3.3 Het hof stelt bij de beoordeling van de grief van [appellanten] voorop dat ingevolge het bepaalde in artikel 236 Rv beslissingen die de rechtsbetrekking in geschil betreffen en zijn vervat in een in kracht van gewijsde gegaan vonnis, in een ander geding tussen dezelfde partijen bindende kracht hebben. Ingevolge artikel 236 lid 3 Rv mag het gezag van gewijsde niet ambtshalve worden toegepast. Voorts overweegt het hof dat een beroep op het gezag van gewijsde zo duidelijk behoort te geschieden dat de wederpartij zich daartegen aan de hand van de inhoud van de ingeroepen uitspraak kan verweren.
3.4 Helhoek heeft in de dagvaarding in eerste aanleg van 27 mei 2009 (vetgedrukt) vermeld: “Gedaagden zijn reeds eerder terzake huurachterstand door eiseres gedagvaard resulterend in een vonnis met zaaknummer 451935\ CV EXPL 06-5603\PH/163ph d.d. 9 juni 2008”. Helhoek heeft het betreffende vonnis als productie twee bij deze dagvaarding overgelegd. De enkele vermelding (en bijvoeging) van dit vonnis door Helhoek is naar het oordeel van het hof onvoldoende om daarin een - impliciet - beroep op het gezag van gewijsde van dit vonnis te zien met betrekking tot de hoofdelijke aansprakelijkheid van [A]. Helhoek heeft daarbij immers niet, althans niet voldoende duidelijk, aangegeven van welke rechtsbetrekking(en) in geschil het gezag van gewijsde werd ingeroepen. Voorts heeft Helhoek ook in hoger beroep niet aangegeven dat zij in eerste aanleg nog op een andere wijze een beroep op het gezag van gewijsde heeft gedaan. Uit de overgelegde stukken is daarvan ook niet gebleken.
3.5 De grief van [appellanten] slaagt derhalve. Nu met deze grief enkel de beslissing van de kantonrechter ten aanzien van de hoofdelijke veroordeling van [A] wordt bestreden, ligt op grond van de devolutieve werking van het hoger beroep alleen dit onderdeel van het geschil tussen partijen in hoger beroep voor. Gelet op de herstelfunctie van het hoger beroep kan Helhoek in hoger beroep haar stellingen aanvullen en dat heeft zij ook gedaan.

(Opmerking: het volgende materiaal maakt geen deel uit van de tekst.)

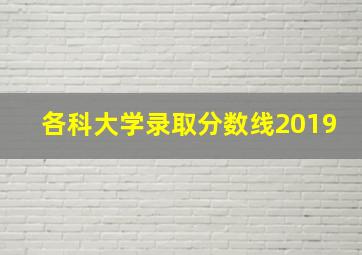 各科大学录取分数线2019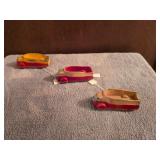 3 Sun Rubber Co. Toy Cars 1930s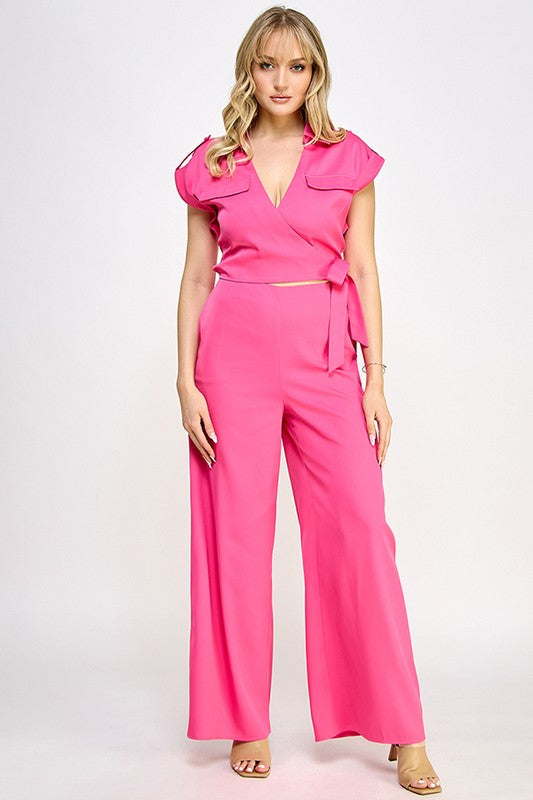 SURPLICE TOP WITH TIE AND PANTS SET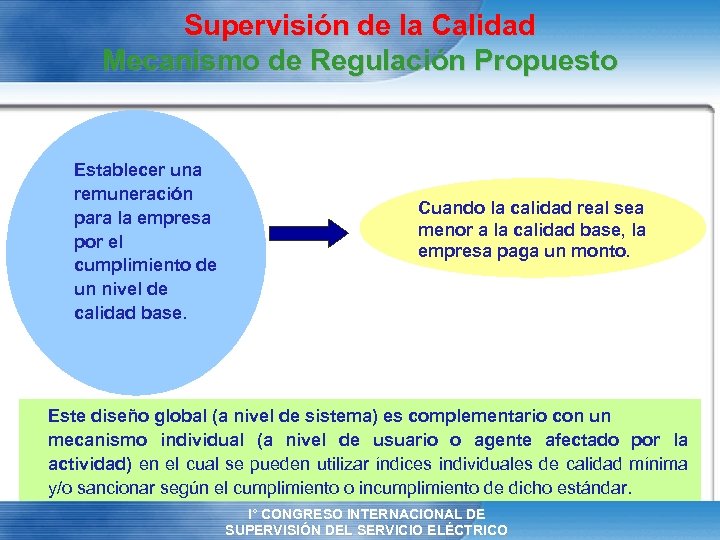 Supervisión de la Calidad Mecanismo de Regulación Propuesto Establecer una remuneración para la empresa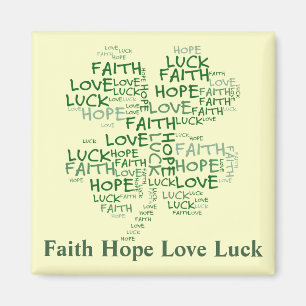 Vier Leaf Clover betekenend: Hoop, Faith, Love, Lu Magneet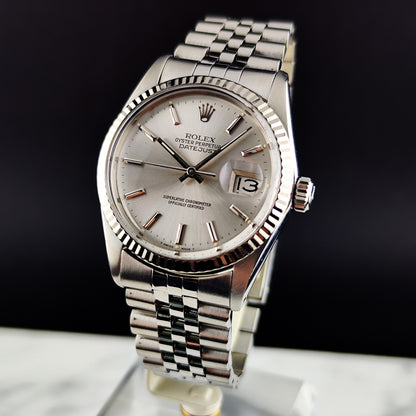 ROLEX Datejust 36 Silver Dial 18ct Bezel 1988 [REF. 16014]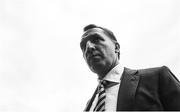 14 July 2017; (EDITORS NOTE: Image has been converted to black & white) Glasgow Celtic manager Brendan Rodgers ahead of the UEFA Champions League Second Qualifying Round First Leg match between Linfield and Glasgow Celtic at the National Football Stadium in Windsor Park, Belfast. Photo by David Fitzgerald/Sportsfile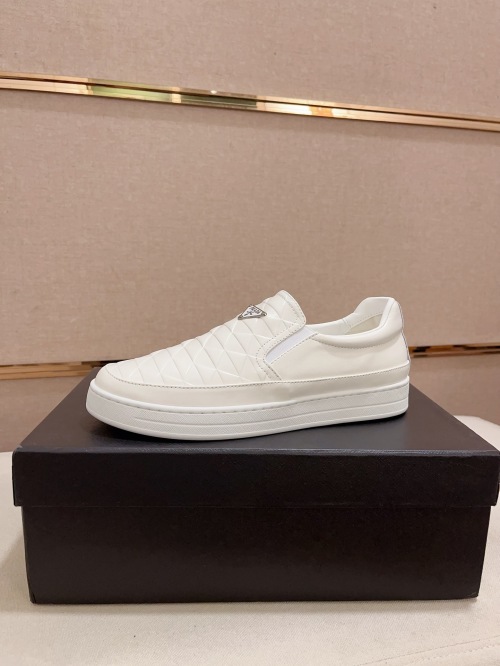 Prada Men's White Leather Slip-On Sneakers Classic Casual Shoes 1 Prada Men's White Leather Slip-On Sneakers Classic Casual Shoes
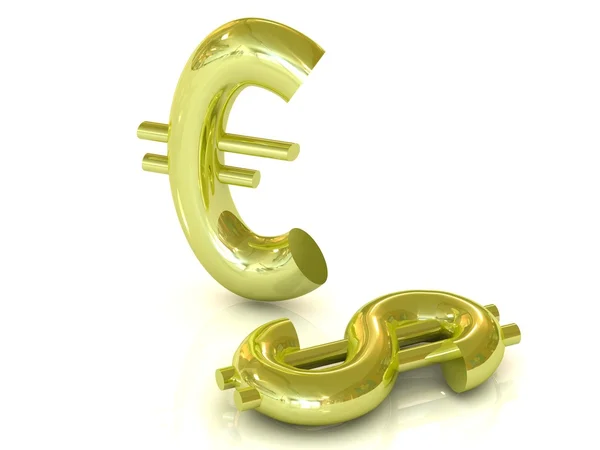 Złoty euro i dolara na białym tle — Zdjęcie stockowe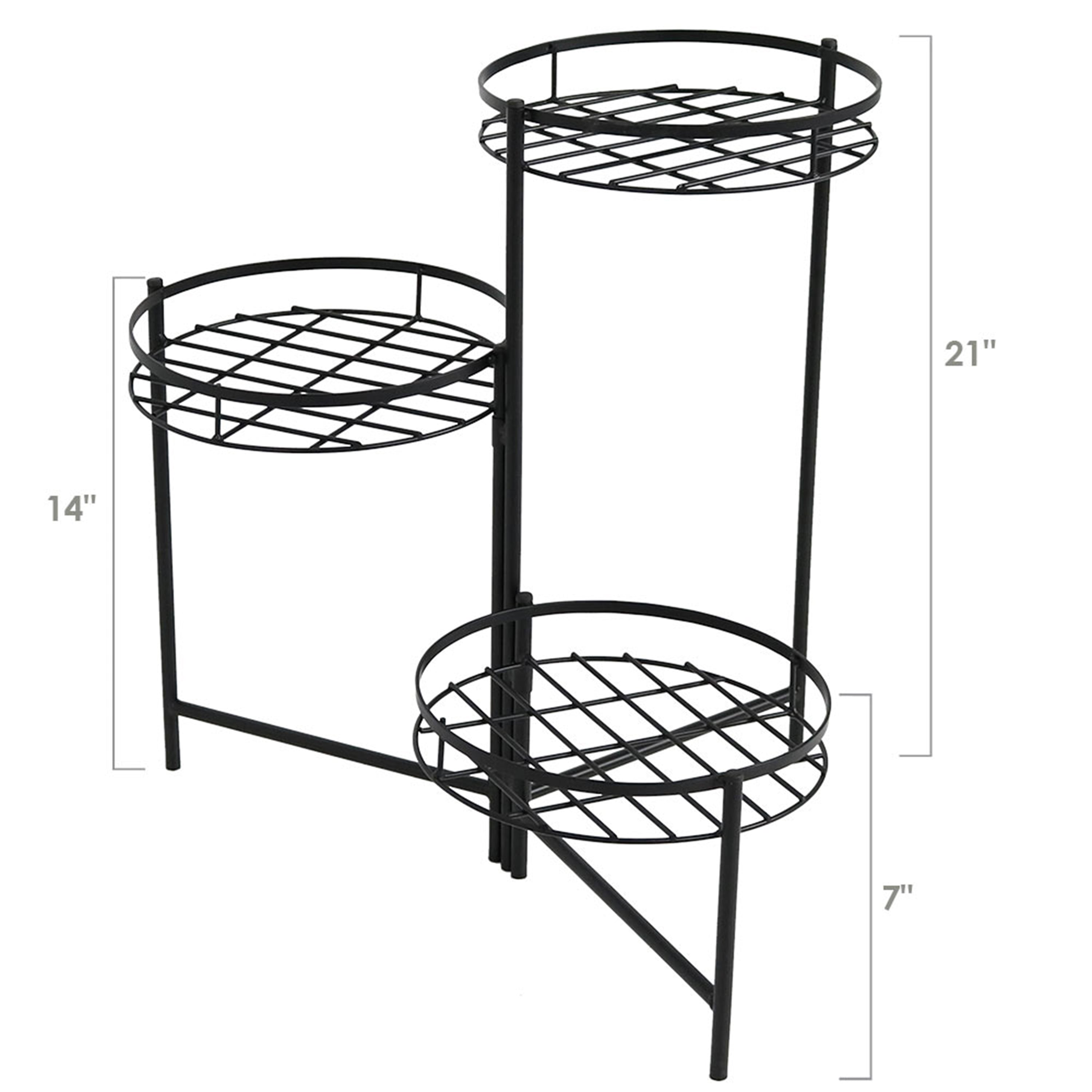  Sunnydaze Decor Indoor/Iron Metal 3-Tiered Decorative Flower Plant Pot Holder Stand Display - Set of 2 - Black - Bonton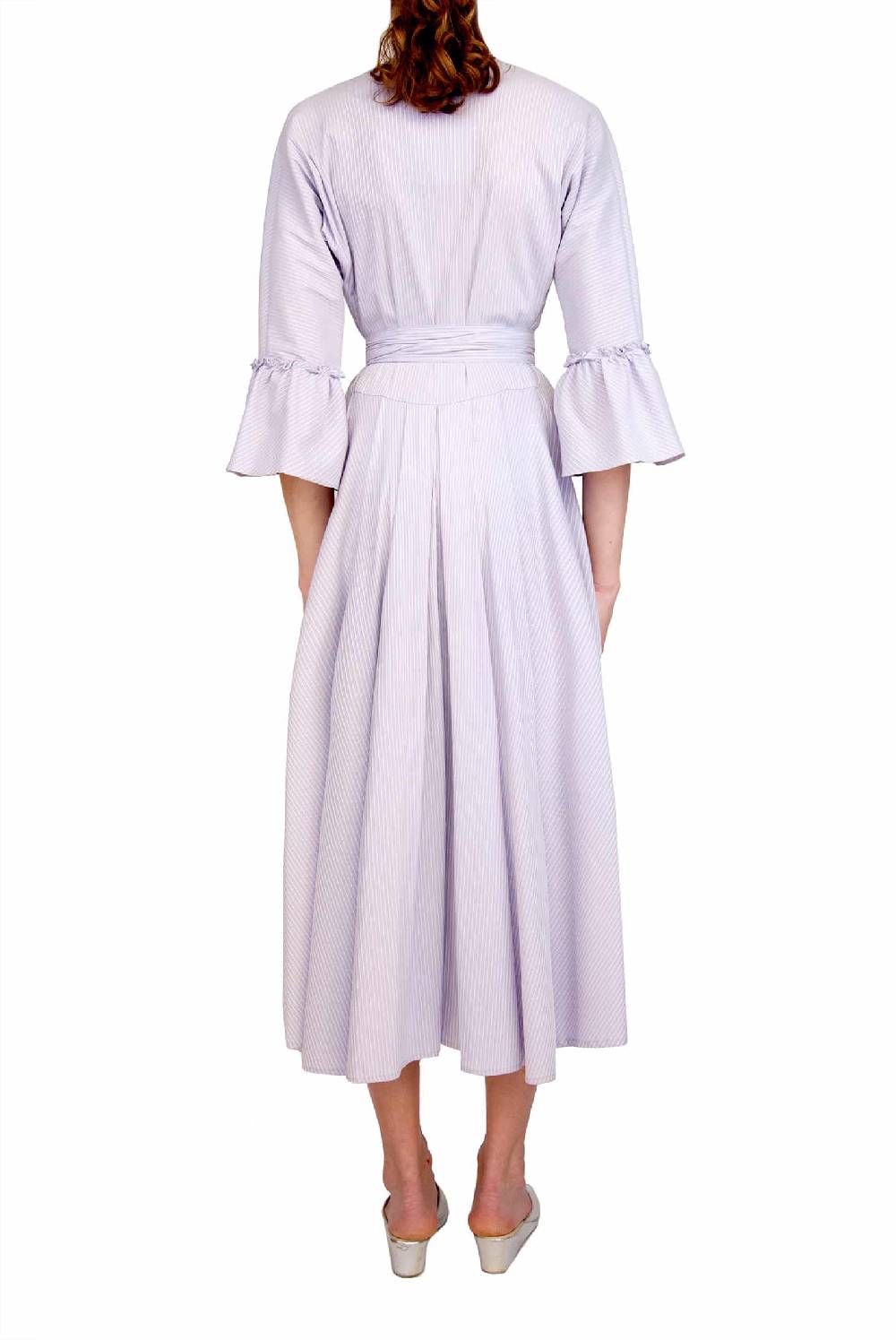 Luisa Beccaria Abito Luisa in cotone elasticizzato a righe lilla / bianco Hotsell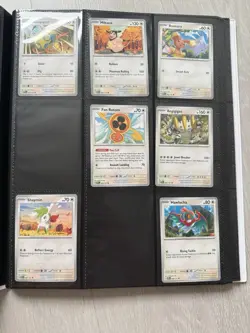 Pokemon Prismatic Evolutions Binder Collection + 63/79 base set cards no dups - Image 6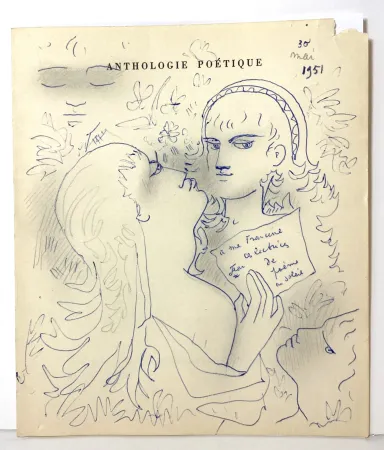 Keine Technische Cocteau - Dessin au stylo bleu et mine de plomb,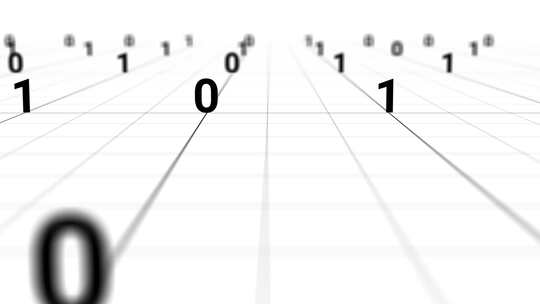 数字0和1排列的三维空间网格画面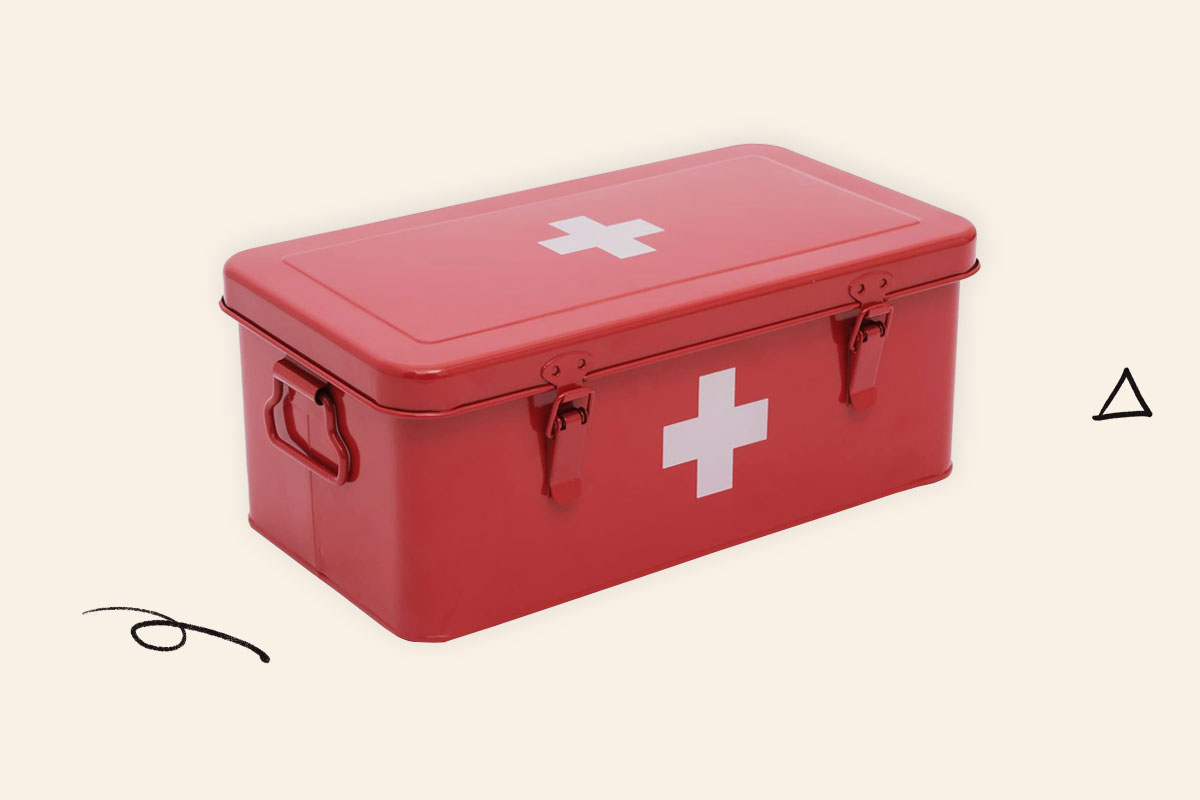 Image of red first aid kit container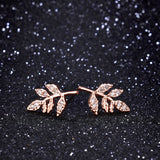 Leaf Zircon Earrings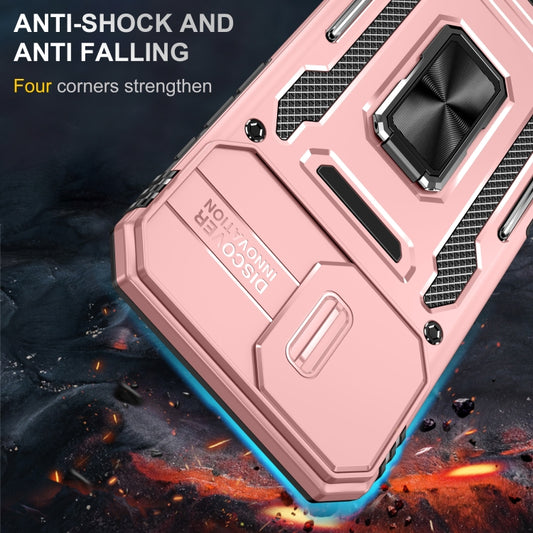 For iPhone 16 Armor PC + TPU Camera Shield Phone Case(Rose Gold) by buy2fix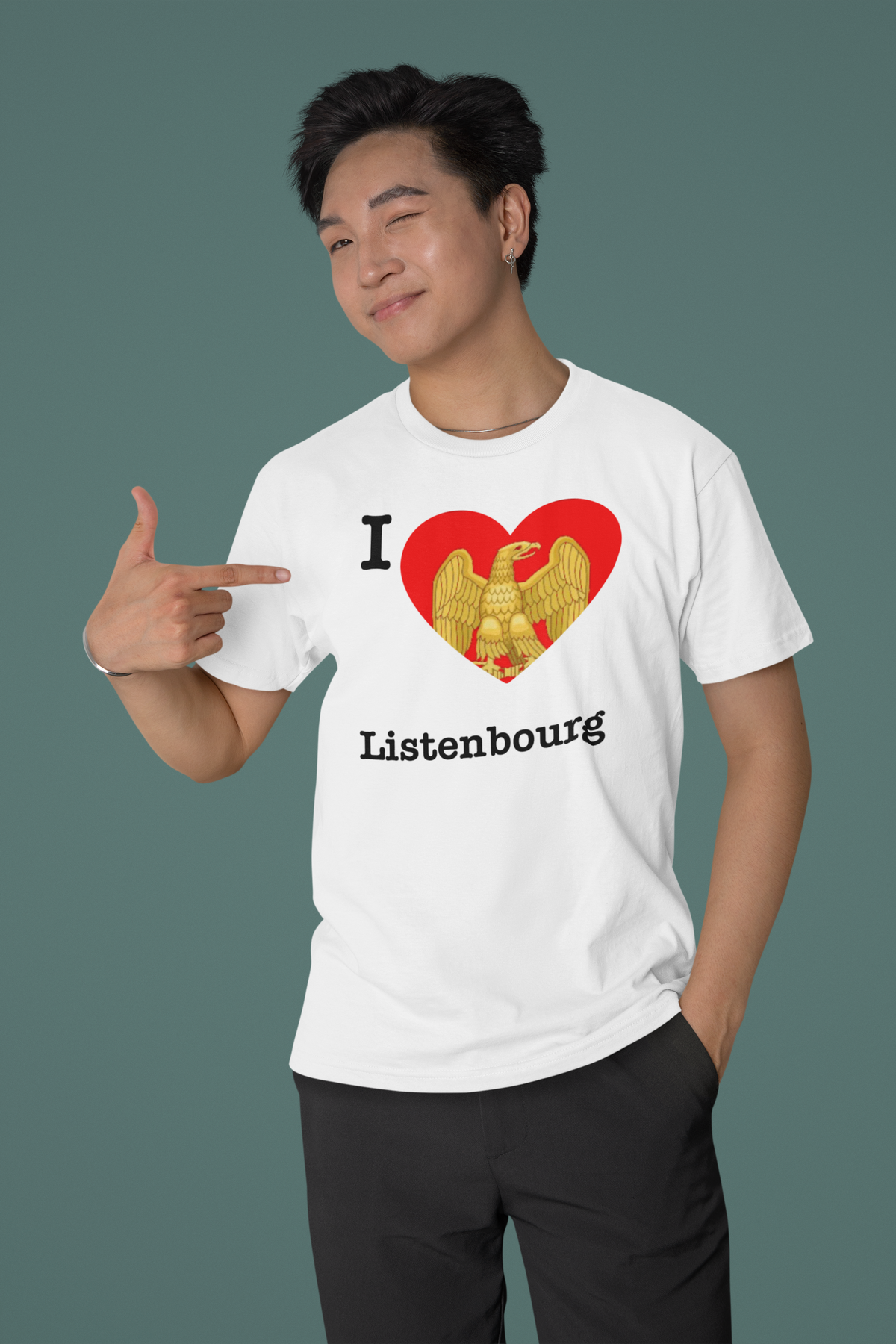 'I Love Listenbourg' eagle heart t-shirt in white, smiling man wearing it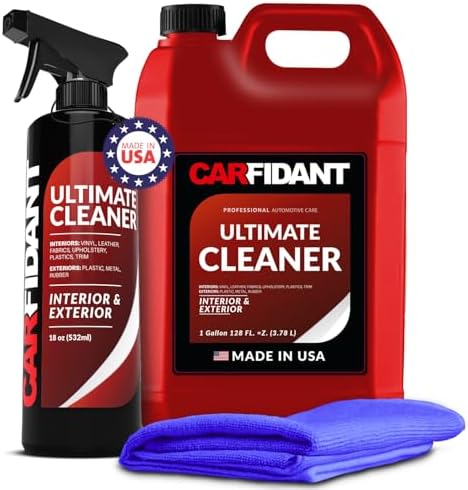 Carfidant Ultimate Cleaner Automotive Interior Cleaner All Purpose Cleaner for Car Carpet Upholstery - 18 fl. Oz. with Microfiber Towel and Gallon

Helhoek heeft in hoger beroep wel uitdrukkelijk een beroep gedaan op het gezag van gewijsde van het vonnis van 9 juni 2008 met betrekking tot de hoofdelijke aansprakelijkheid van [A] ter zake de nakoming van de verplichtingen uit de onderhavige huurovereenkomst.
3.6 Helhoek heeft bij inleidende dagvaarding van 12 juli 2006 [bedrijf A] en [A] gedagvaard voor de kantonrechter en onder meer gevorderd dat zij, huurders van de bedrijfsruimten bekend als sectie 1.07, 1.13a, 0.08k, 1.13b hoofdgebouw alsmede sectie 1.07a m2, deel uitmakend van het [bedrijf B ] met aanhorigheden, staande en gelegen te [adres], hoofdelijk worden veroordeeld de achterstallige huurtermijnen en kosten te betalen op grond van de op 15 januari 2005 ingegane huurovereenkomst. De hoofdelijke aansprakelijkheid van [A] ter zake de nakoming van de verplichtingen uit de huurovereenkomst is daarmee onderwerp van geschil geweest in deze procedure. Bij het vonnis van 9 juni 2008 heeft de kantonrechter ook een beslissing gegeven ten aanzien van de hoofdelijke aansprakelijkheid van [bedrijf A] en [A]; de kantonrechter heeft [bedrijf A] en [A] hoofdelijk veroordeeld - kort gezegd - tot betaling van achterstallige huurtermijnen en kosten aan Helhoek. Tussen partijen staat vast dat het vonnis van 9 juni 2008 waarin de kantonrechter deze beslissing heeft gegeven, in kracht van gewijsde is gegaan. Eveneens staat vast dat de onderhavige zaak dezelfde partijen en ook dezelfde huurovereenkomst betreft als die in het vonnis van 9 juni 2008 in geschil was. Daarmee heeft de kantonrechter bij het vonnis van
9 juni 2008 een beslissing gegeven ter zake dezelfde rechtsbetrekking die in de onderhavige zaak in geschil is. De beslissing van de kantonrechter met betrekking tot de hoofdelijke aansprakelijkheid van [A] voor de nakoming van de verplichtingen uit de huurovereenkomst tussen partijen heeft daarmee in de onderhavige zaak bindende kracht.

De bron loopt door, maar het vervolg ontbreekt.